- The extent of the Town of North Melbourne at its dissolution in 1905
- Country: Australia
- State: Victoria
- Established: 1859
- Abolished: 1905
- Council seat: North Melbourne

Area
- • Total: 2.4 km^{2} (0.93 sq mi)
- County: Bourke

= Town of North Melbourne =

The Town of North Melbourne was a local government area in Victoria, Australia, taking in the suburb of North Melbourne.

It was first proclaimed on 30 September 1859 as the Municipality of Hotham, reflecting the original name of the suburb of North Melbourne, separating what had been the Hotham Ward of the City of Melbourne as its own municipality. The original boundaries were Victoria Street, Elizabeth Street and Flemington Road.

It became the Borough of Hotham on 14 October 1863 following statewide municipal reforms and was proclaimed a town on 18 December 1874, becoming the Town of Hotham. The council petitioned the state government to change the name to North Melbourne at this time, but were refused.

The now heritage-listed North Melbourne Town Hall opened in 1876 as the new municipal headquarters.

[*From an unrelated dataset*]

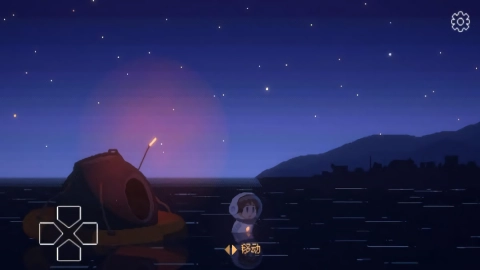 重寻光芒免费版图5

It was renamed the Town of North Melbourne on 26 August 1887. It ceased to exist on 30 October 1905, when both the Town of North Melbourne and the adjacent Borough of Flemington and Kensington were again amalgamated into the City of Melbourne as the new Hopetoun Ward. The town's final mayor was Stephen Barker of the Australian Labor Party, who was elected in September 1905 but failed to win election to the Melbourne City Council after amalgamation.